Agé de 60 ans au moment de son enlèvement, ce militant d’origine très modeste venait de coprésider le Forum des peuples entre l’Asie et l’Europe, un vaste rassemblement de mouvements sociaux et d’ONG. «C’était la première fois que c’était organisé au Laos. Cette conférence n’a pu avoir lieu que parce que le Laos souhaitait être pays hôte d’un sommet intergouvernemental entre l’Asie et l’Europe, se souvient Anne-Sophie Gindroz (1), une humanitaire de l’ONG Helvétas qui a été expulsée du Laos en décembre, avant l’enlèvement de Sombath. Mais cela a déplu aux éléments les plus conservateurs du régime, qui n’ont pas apprécié que des associations débattent de façon critique des questions de développement. Sombath a remis en question ce modèle centré sur la croissance économique. Ils s’en sont sans doute pris à Sombath parce qu’il était la personnalité la plus respectée dans la société civile. Le régime a ainsi envoyé un avertissement.»
Enjeux.
Une dizaine de personnes ont connu le même sort ces dernières années, mais aucune n’a eu la chance d’être enregistrée sur une caméra de surveillance. Avant son enlèvement, Sombath Somphone enquêtait sur le sort de deux paysans arrêtés après avoir témoigné de cas d’accaparement de terres lors du Forum des peuples entre l’Asie et l’Europe.

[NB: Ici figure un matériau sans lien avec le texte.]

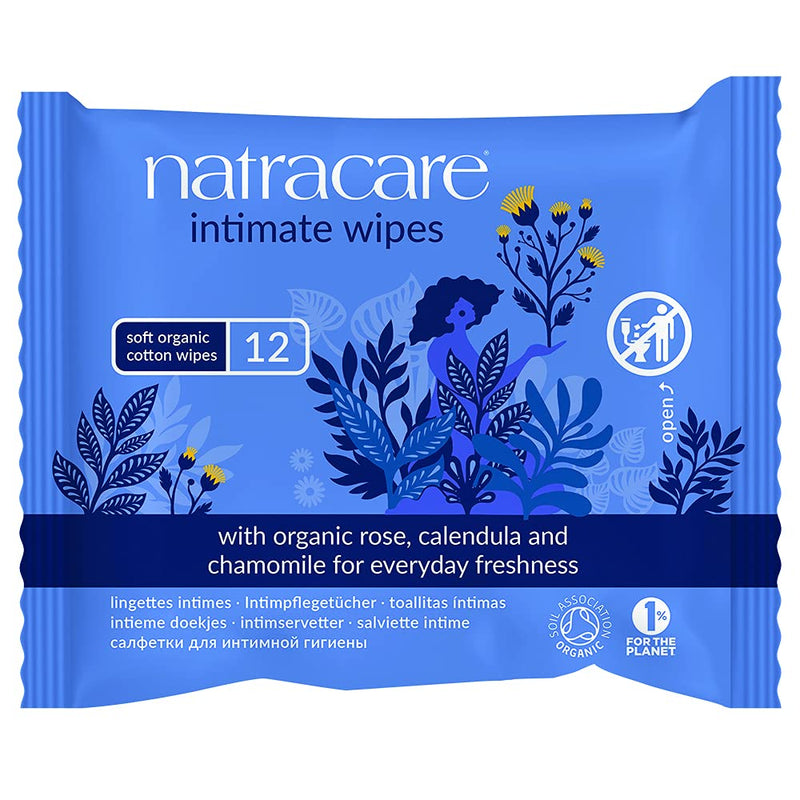 [Australia] - NATRACARE Wipes,Intimate,Cotton, 12 CT (Pack of 6)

Diplômé d’agronomie et doté de talents de médiateur, il a reçu en 2005 le prix Ramon Magsaysay, l’équivalent du Nobel de la paix en Asie, notamment pour son action auprès des jeunes et des agriculteurs. Mais la décoration ne l’a guère protégé. «Face aux enjeux géopolitiques dans la région avec une Chine émergente, son cas est passé au second plan», se désole le juriste Rupert Abbott. Ng Shui-Meng, son épouse, espère que Barack Obama évoquera l’affaire quand il viendra en septembre au Laos, qui préside cette année l’Association des nations de l’Asie du Sud-Est. Maigre espoir pour que le plus célèbre disparu d’Asie du Sud-Est ne sombre dans les oubliettes de l’histoire opaque du Laos.